So let me ask you a question. Do you trust in the Lord, in Christ, or do you trust in your family heritage? That’s part of my testimony. In my 20s I realized I trust that I was born into the priesthood. My father’s a pastor, my grandfather’s a pastor, my great-grand, my great-great grandfather worked in the church, all the way back to Thomas Chalmers. I’m good. And then in my 20s I was hit with my sin. I can’t trust in my family heritage. There is no promise that just because your father, grandmother, or your sweet aunt was a Christian that you’re safe, that you have your fire insurance.
Let me ask this another way: Do you trust in your church heritage? There is no promise that just because you’re in the PCA and you love the preaching of Harry Reid or Mike Ross or Kevin DeYoung, that you are safe, that you’ll be skating through the pearly gates.
The Lord looks to see if any of the sons of man will honor Him. 2 Chronicles puts it this way: “For the eyes of the Lord run to and fro throughout the whole earth to give strong support to those whose heart is blameless before Him.”
If He does not find it, the implication is clear.
So now He promises to rip the privilege of serving in the temple away from the house of Aaron and Eli.
And finally we come to verse 35. Verse 35.
“And I will raise up for Myself a faithful priest, who shall do according to what is in My heart and in my mind.
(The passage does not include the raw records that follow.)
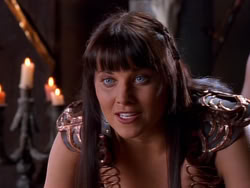 extant_XenaWarriorPrincess_1x05_ThePathNotTaken_01724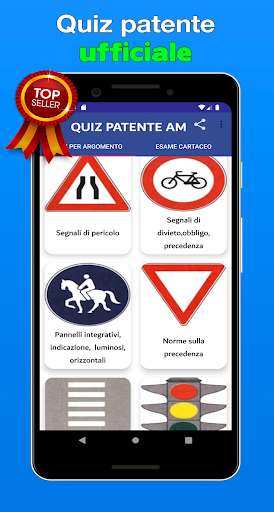 Run android online APK Quiz patente AM 2020 from MyAndroid or emulate Quiz patente AM 2020 using MyAndroid Run android online APK Quiz patente AM 2020 from MyAndroid or emulate Quiz patente AM 2020 using MyAndroid
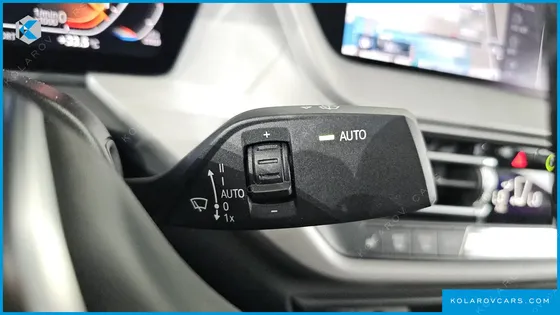 BMW 2 SERIES 218D ADVANTAGE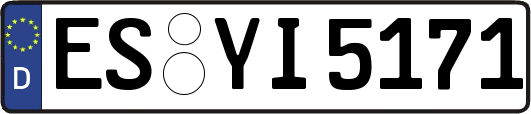 ES-YI5171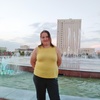 Тамара Лобанова, 30, г.Шымкент Тамара Лобанова, 30, г.Шымкент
And I will build him a sure house, and he shall go in and out before my anointed forever.”
This is a great promise, and we’re going to come back to this verse as well. But just first, the final judgment to Eli.
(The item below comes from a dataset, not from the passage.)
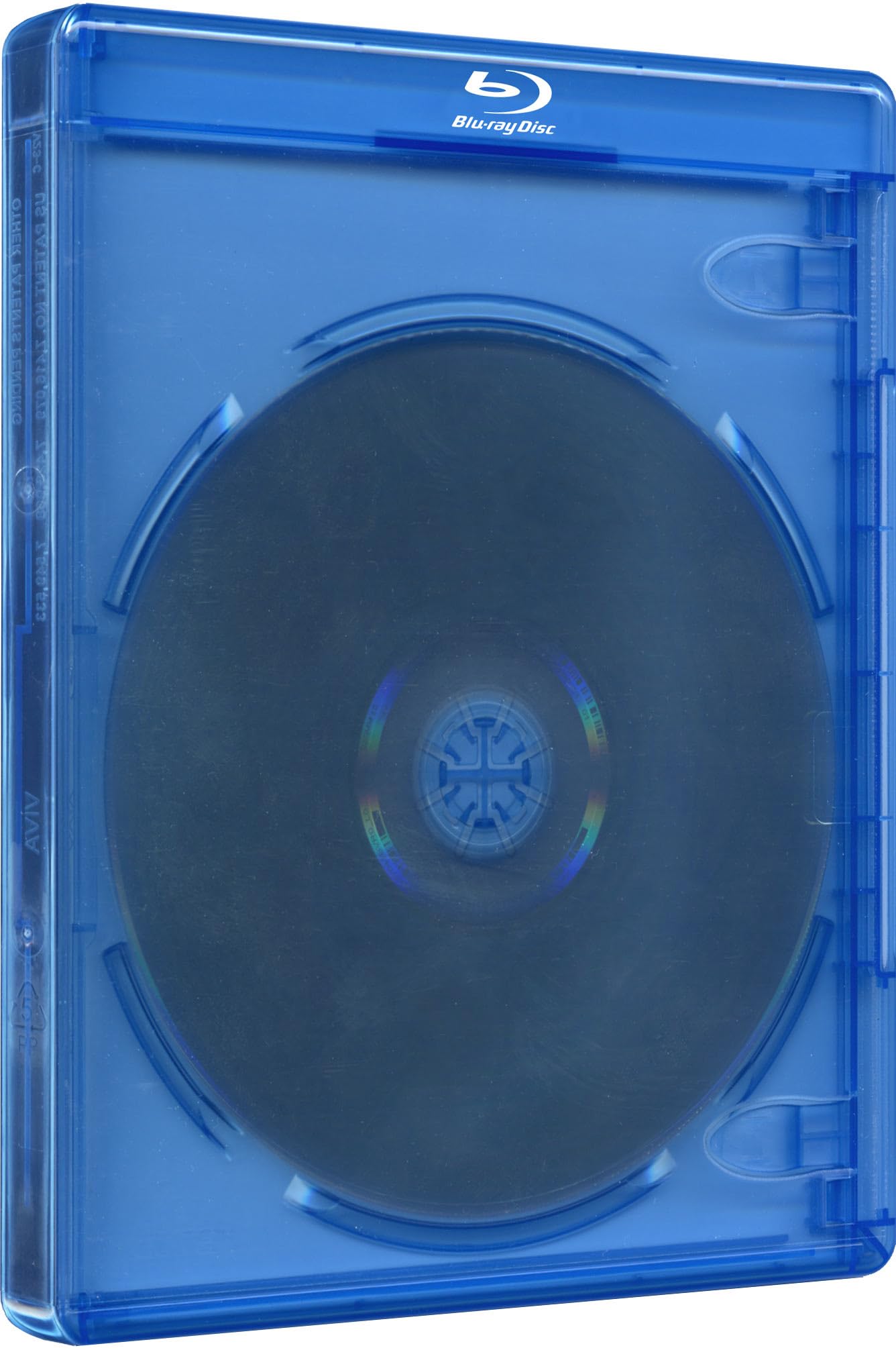 James Bond 007 : La collection 25 films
“And everyone who is left in your house,” verse 36, “shall come to implore him for a piece of silver or a loaf of bread and shall say, “Please put me in one of the priests’ places, that I may eat a morsel of bread.””
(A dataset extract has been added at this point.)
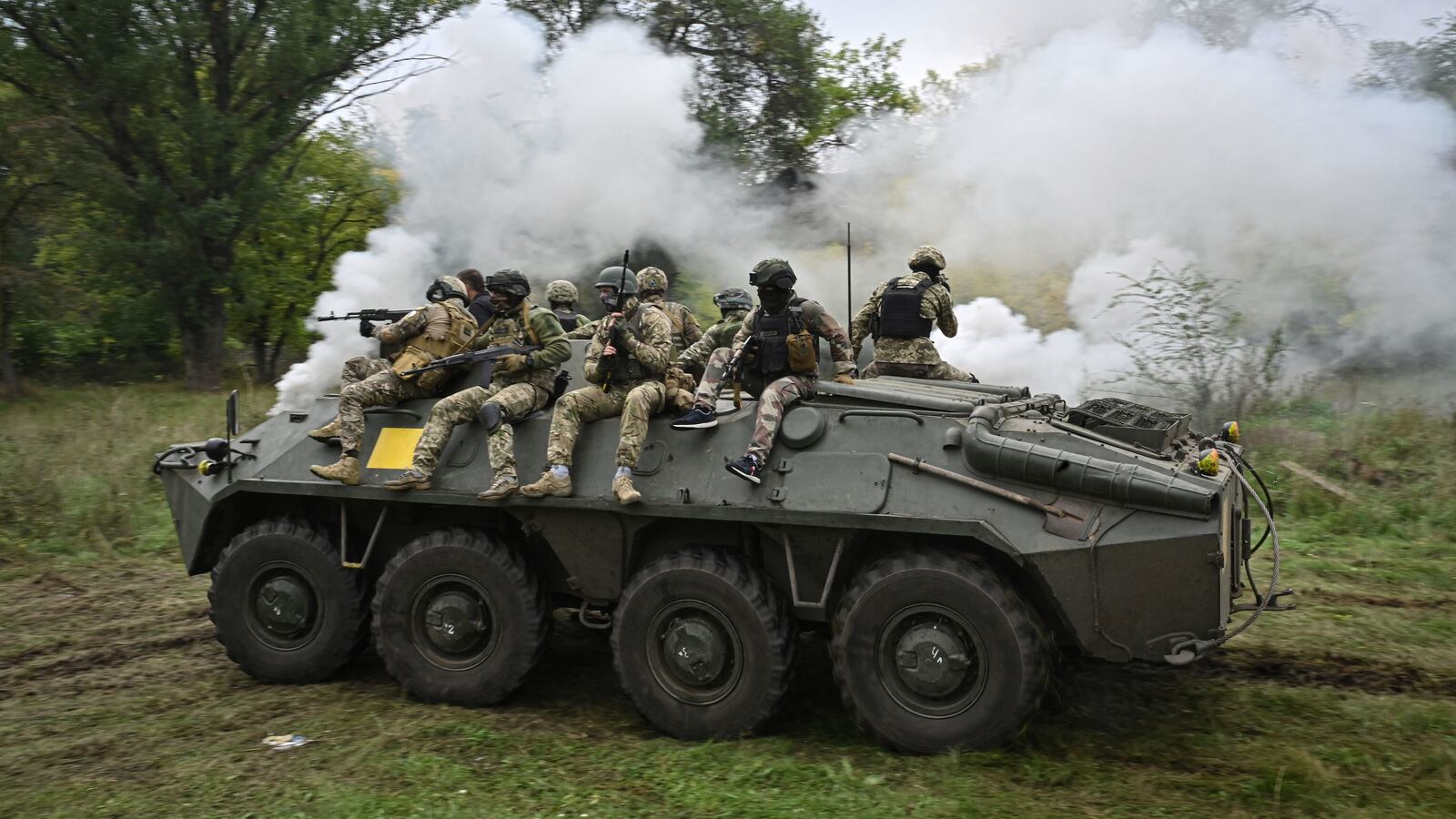 GettyImages-1243574441_hfbw6p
Please, just give me a menial or a mundane job within the house of God. No longer will they be bobbing for apples or stabbing for raw meat. They’ll just be begging for bread.
All right. I said I would come back to two points, and I have two more to add to that, so four quick lessons, which I hope will pull this passage together for us.
Number one: Heed the Lord’s warnings.
Number two: God is at work even if you don’t see it. It’s wonderfully encouraging.
Number three: The priesthood of all believers, we’ll look at that, there’s a slight hint toward that there.
And number four: The faithful priest is promised.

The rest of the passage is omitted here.